- Problem requirements:
Write out the data word for word, taking care that no picture is carried over.

- Data shown:

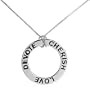 Sterling Silver Cherish - Love - Devote Circle Pendant on 18in Chain Necklace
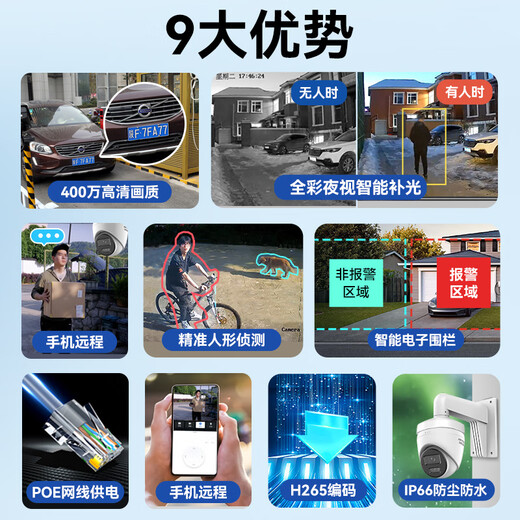 
HIKVISION Hikvision surveillance camera 4 million 2K high-definition full color night vision poe powered by AI humanoid detection voice intercom supermarket indoor hemisphere-K34HV2-LT 6MM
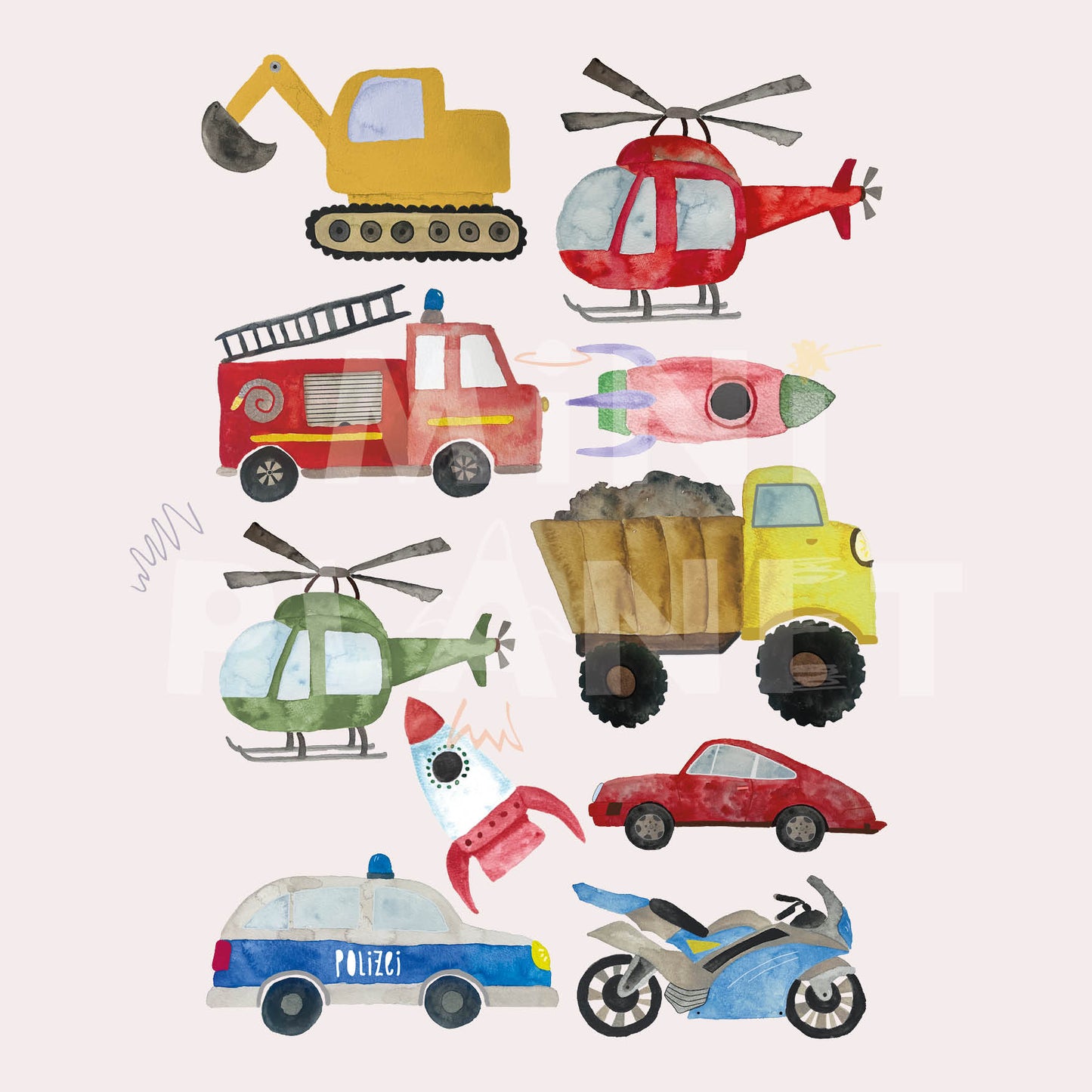 Bügelbild Set: Fahrzeuge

- Result of the exercise:
 Sterling Silver Cherish - Love - Devote Circle Pendant on 18in Chain Necklace
HIKVISION Hikvision surveillance camera 4 million 2K high-definition full color night vision poe powered by AI humanoid detection voice intercom supermarket indoor hemisphere-K34HV2-LT 6MM
 Bügelbild Set: Fahrzeuge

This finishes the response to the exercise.